De weerbare arbeidsmarkt
Corona trof onze economie midscheeps, maar wel in een periode van hoogconjunctuur. Natuurlijk kwamen op de arbeidsmarkt de gebruikelijke verdachten het eerst in het vizier: werknemers met een tijdelijk contract en ZZP’ers, maar ook in sectoren waar een nijpend gebrek aan personeel was werden duizenden op non-actief gesteld. Toch is de werkloosheid opvallend laag gebleven. Rob Witjes, Hoofd Arbeidsmarktinformatie bij het UWV, ziet dan ook een duidelijk verschil tussen deze crisis en die van de traditionele laagconjunctuur: “Werkgevers zijn zich ervan bewust dat ze de medewerkers van wie ze nu afscheid moeten nemen zodra corona voorbij is weer even hard nodig kunnen hebben.” De ontslagaanvraag van vandaag kan de vacature van morgen zijn.
De klap verzacht
De arbeidsmarkt begon het jaar sterk, historisch sterk. “Mogelijk moeten we zelfs teruggaan tot 1972, toen de werkloosheidsgraad 2,9% bedroeg, voor een arbeidsmarkt die zó gespannen was als die van februari 2020,” zegt Rob Witjes. “In alle beroepen was er volop werk, zelfs in de administratieve, die toch erg door de digitalisering worden bedreigd, en in 70% was er sprake van tekorten. Die sterke arbeidsmarkt heeft de klap van de pandemie merkbaar verzacht, maar, het is ook opvallend hoe creatief veel werkgevers met de uitdaging zijn omgesprongen. De steunpakketten hebben erg geholpen om ontslagen te voorkomen maar een aantal ondernemers hebben ook hun toevlucht genomen tot het tijdelijk uitlenen van hun personeel aan anderen, niet zelden aan bedrijven buiten hun eigen sector.”

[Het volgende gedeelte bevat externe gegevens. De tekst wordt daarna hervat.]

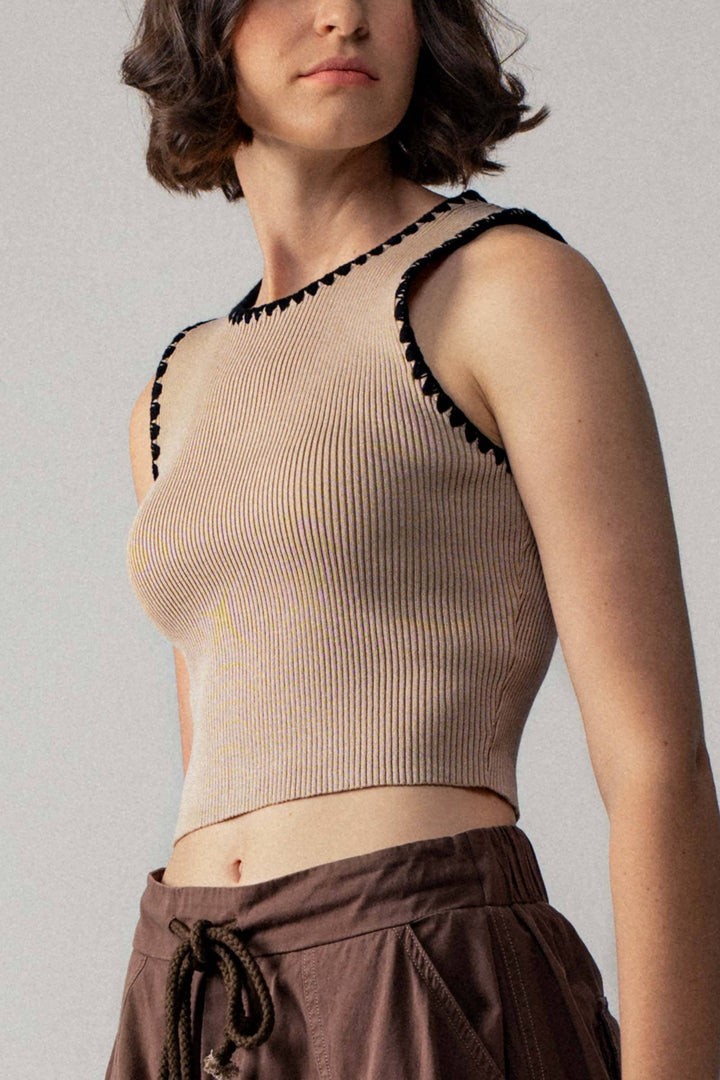 Scalloped Ribbed Knit Crop Top: KHAKI / S-2/M-2/L-2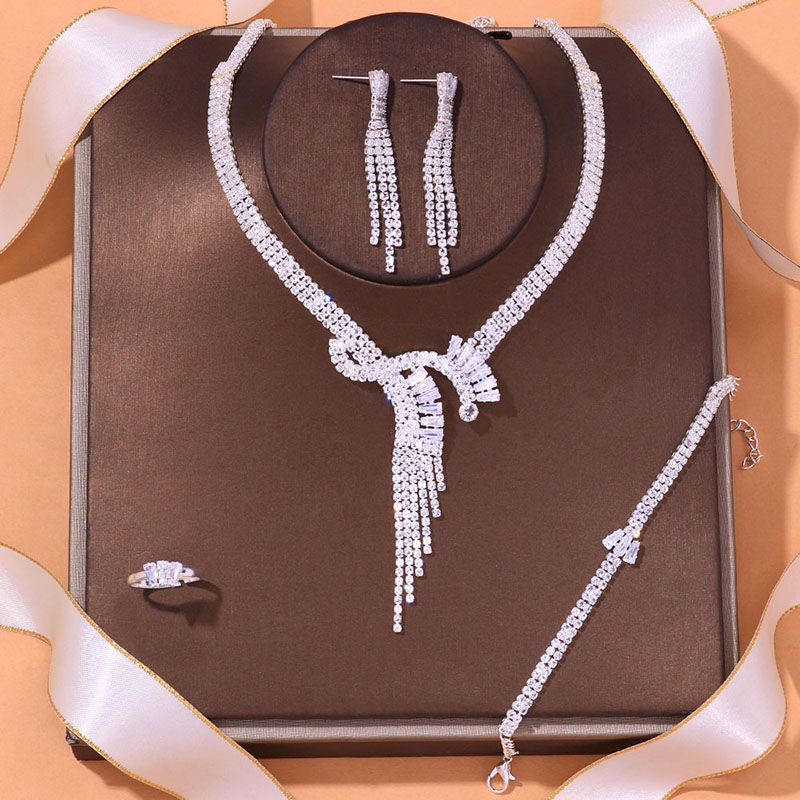 Wholesale Light Luxury Wedding Set Of Four Micro-encrusted Zirconia Necklace Set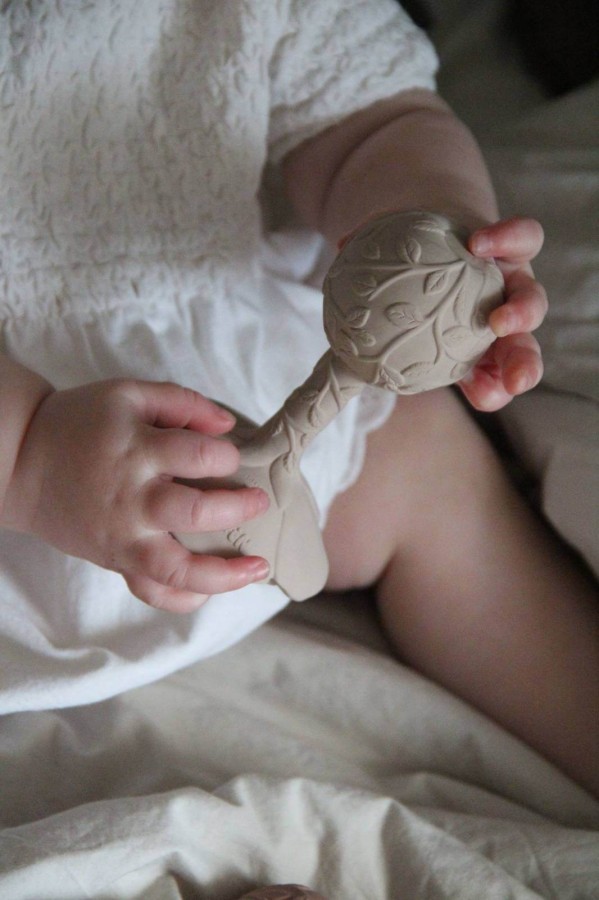 Kauczukowy gryzak z grzechotką - Róża / Natruba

Coronastilstand in slow motion
Die terughoudendheid voor het naakte ontslag heeft alles te maken met de bewustwording van de huidige tekorten, stelt Rob Witjes. “Corona of niet – het tekort aan bijvoorbeeld loodgieters zal daardoor niet van de ene op de andere dag verdwijnen.” Maar ook de herinnering aan de vorige crisis, de financiële, speelt een rol. De bouwsector beleefde toen een coronastilstand in slow motion.
Wanneer komt het herstel en hoe steil zal het zijn? Dit jaar, want de pandemie loopt hoe dan ook op zijn laatste benen. “Ik hoorde laatst iemand zeggen: ‘De spuit erin en dan zijn we van heel die crisis af.’ Ik hoop dat het zo wordt, maar we moeten er ook rekening mee houden dat Rutte niet van de ene op de andere dag het einde van de anderhalve meter samenleving zal aankondigen en dat we, ondanks de vaccinatiecampagne, nog maanden met mondkapjes en andere beperkingen moeten leven en werken. In het geval van ‘de spuit erin’ zal het herstel heel snel kunnen zijn, in het andere scenario zal het trager verlopen. Bovendien zullen sommige sectoren blijvend de gevolgen van corona ondervinden. De digitalisering, waar Nederland toch al zo ver in stond, is versneld. Het thuiswerken blijft. Ook als we weer naar kantoor gaan zullen we er minder vaak zijn en bijvoorbeeld de bedrijfscatering zal daar het effect van voelen. Ook al herstelt de arbeidsmarkt zich weer volledig, er zullen toch blijvende verliezers zijn.”